The Dude
by The Dude

With Quentin Tarantino’s Star Trek in warp drive, it is probably okay for us to jump the gun a little (chill guys, it’s the new year) and imagine the Enterprise set in the Tarantino’s Universe.

Spock munching on some Big Kahunas? Captain Kirk smoking Red Apples? Or both of them debating about the metric system?

Yes, yes and bloody yes.

Since we are at it, let’s be slightly more ambitious here: What if famous directors take on equally famous franchises?

Expect some familiar tropes and bring on the popcorn.

Christopher Nolan X James Bond

What you can expect: Brooding characters, non-linear storytelling, obsession with time, IMAX

Given the good reception of Daniel Craig’s rugged and somewhat imperfect James Bond, studio executives will probably be inclined to take it a notch higher with the spy’s characterisation.

And who else to give the blank cheque to but Christopher Nolan?

Nolan’s leads are usually tortured souls -- case in point: Batman, Alfred Borden (The Prestige), Cobb (Inception) just to name a few -- and coupled with the director’s fascination with non-linear storytelling, make for an epic trilogy of how Bond came to be Bond. All these in IMAX no less.

Long story short: Prepare to start thinking for the first time while watching a Bond film.

Oh and did we mention that Nolan is also a box office guarantee?

Edgar Wright X Fast & Furious

What you can expect: Shots that are cut to beat, great music, impactful quick-cut montages

Edgar Wright is, for the lack of a better expression, a gear ahead of many directors at the moment.

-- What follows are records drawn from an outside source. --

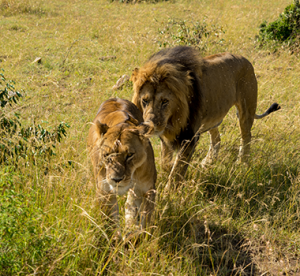 Lion courtship-Africa Wildlife Tours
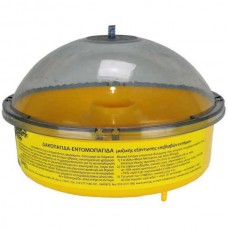 Fruit Fly Trap - Wasp Trap - Insect Trap ANEL 1pc Gemma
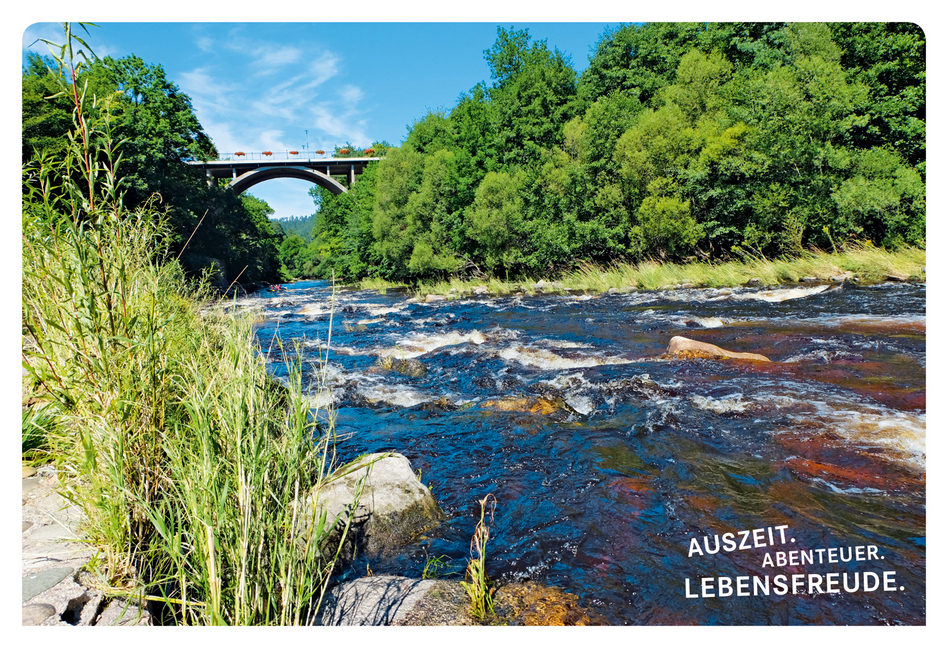 Bild: 9783770180783 | 52 kleine &amp; große Eskapaden im Schwarzwald | Ab nach draußen! | Weik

Last year’s Baby Driver was one of his finest films yet and that’s quite the compliment considering he directed the acclaimed Shaun of the Dead and Hot Fuzz.

If you study Wright’s as close as you check your blind spot (not much for some people sadly), his go-to tropes are great music and quick-cut montages -- these filming techniques will not feel out of place in a Fast & Furious movie.

Fast & Furious 8

He’s no 0 to 100 in six seconds kinda director but one thing’s for sure: his gear transmission is one of the smoothest in the business (okay if you don’t get that expression, it means it has good pacing and doesn’t jump from cars flying into buildings to tanks on ice).

Martin Scorsese X Despicable Me

What you can expect: Long tracking shots, Leonardo DiCaprio, sociopaths, New York City, Rolling Stones music

Scorsese in an animated film?!

Now before you go all loco on us, you should check out Hugo. Actually, there are more reasons that suggest Despicable Me will be in good hands under Scorsese.

Scorsese’s leads are, more often than not, sociopaths (do we really need to remind you of Tommy Devito (GoodFellas), Travis Bickle (Taxi Driver) and Jordon Belfort (The Wolf of Wall Street) ) and guess who’s a sociopath?

Yes, Gru.

Despicable Me 3

At its heart and despite Gru’s shortcomings, Despicable Me is a crime film through and through. Which makes perfect sense to engage Scorsese given his rather lengthy list of mob films.

Also, who will say no to a supervillain voiced by frequent collaborator Leonardo DiCaprio?

David Fincher X Alien

What you can expect: Dark, moody vibes, unhappy endings, no half-baked shots

At first glance, this seems like a marriage made in heavens: a dark, moody franchise that kinda hates happy endings together with a dark, moody auteur who kinda hates happy endings.

Then it hit us that Fincher’s directorial debut was Alien 3 --  a film that he’s probably keen to erase from his IMDB credentials (to be honest, it’s not that bad). But give Fincher another shot at Alien and you can bet your last dollar that he will do everything to make it his movie.

The infamous control freak could then stamp his authority all over the set without the burden of being a greenhorn like all those years ago.

After all, this is the guy who made a gripping movie out of some petty lawsuits over some social media platform and a cult classic about some underground club that doesn’t like to be talked about.

Alien probably needs this kind of focus and direction after the whole search for meaning spiel in Prometheus

Park Chan Wook X Terminator

What you can expect: Stylised violence, loves a good revenge, not afraid of controversial themes

If you think we are letting this list slip without some Asian representation, you are sadly mistaken.

Park Chan Wook is no stranger to Hollywood, having directed Stoker and had his cult classic Oldboy remade into somewhat of a monstrosity.

But he needs a bigger entrance to America. And he has a ready-made one in Terminator, which to be honest, is on its last legs.

The governator can’t go on forever, the whole time travelling concept is stale and the plot is getting a little predictable.

A kick up the metal ass is what Terminator needs at the moment. And who better than Park who loves to serve up a cold dish of revenge, sprinkled with a generous serving of stylised violence and is not afraid to touch on even the most taboo of subjects such as incest and torture.

Sounds like a Terminator film already if you ask us.